Beginning with the line that contains "Kabira Takedown //", reproduce every line through the end of the records below exactly, and leave the pictures out.
"""
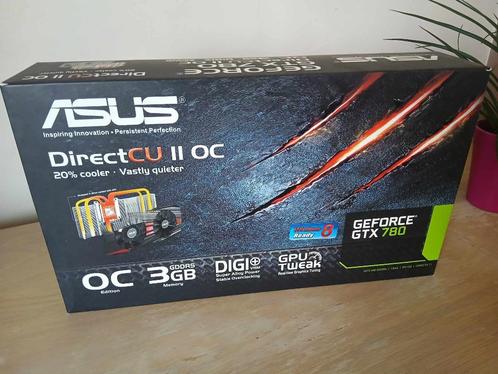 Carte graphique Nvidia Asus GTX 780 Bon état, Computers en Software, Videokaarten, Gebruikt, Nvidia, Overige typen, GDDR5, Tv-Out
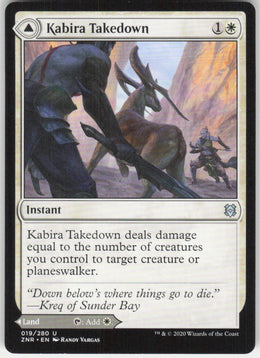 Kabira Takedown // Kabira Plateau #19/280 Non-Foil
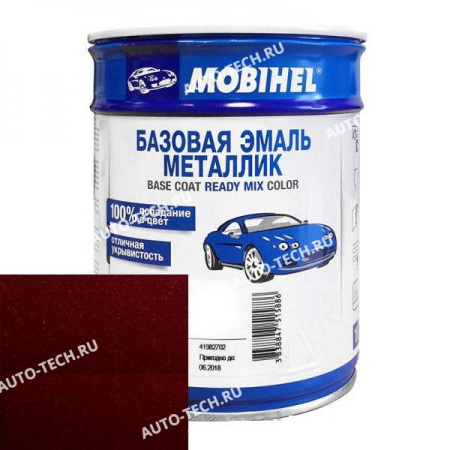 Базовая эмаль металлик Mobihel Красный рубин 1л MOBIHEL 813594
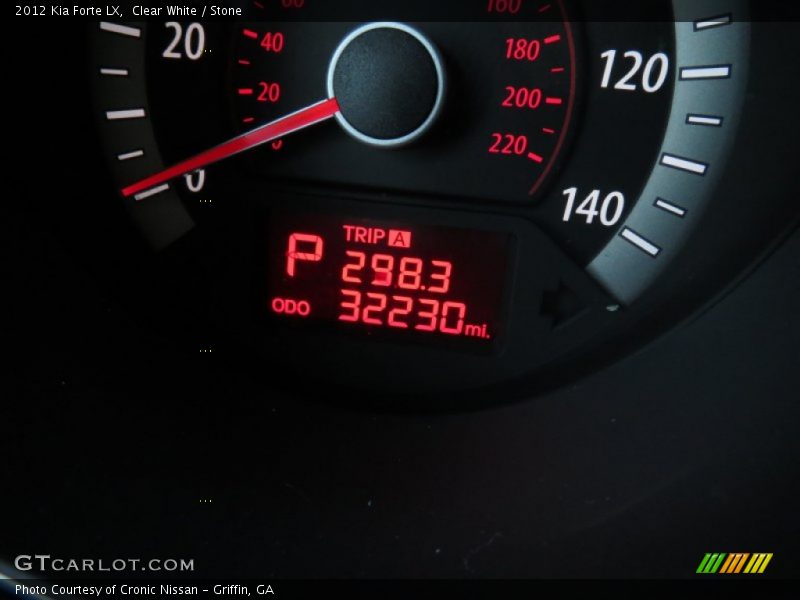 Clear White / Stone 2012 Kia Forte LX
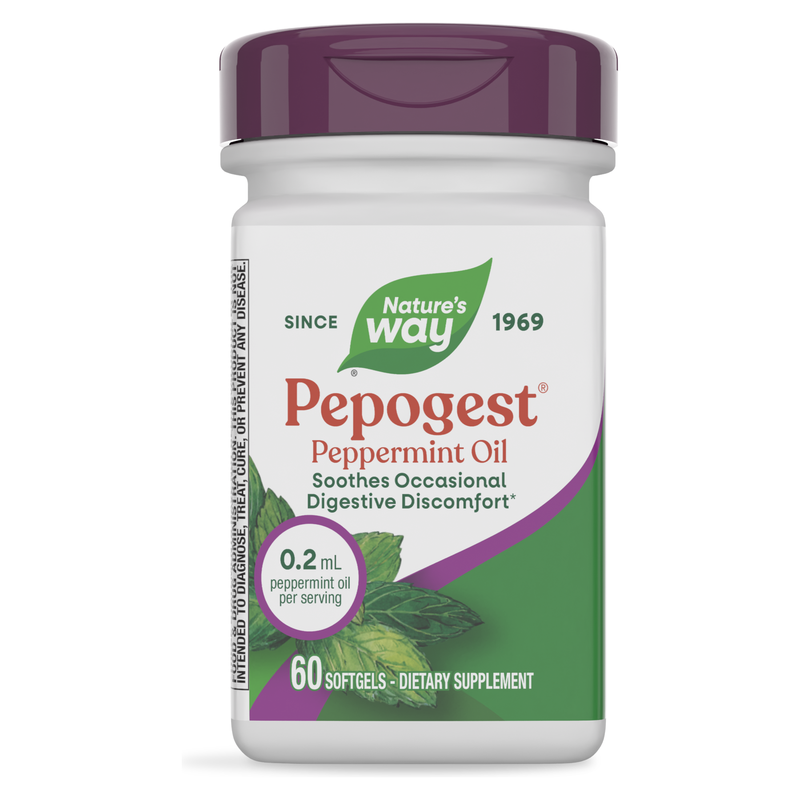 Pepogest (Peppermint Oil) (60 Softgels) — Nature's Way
"""
ANSWER TO THIS TASK:
 Kabira Takedown // Kabira Plateau #19/280 Non-Foil
 Базовая эмаль металлик Mobihel Красный рубин 1л MOBIHEL 813594
 Clear White / Stone 2012 Kia Forte LX
 Pepogest (Peppermint Oil) (60 Softgels) — Nature's Way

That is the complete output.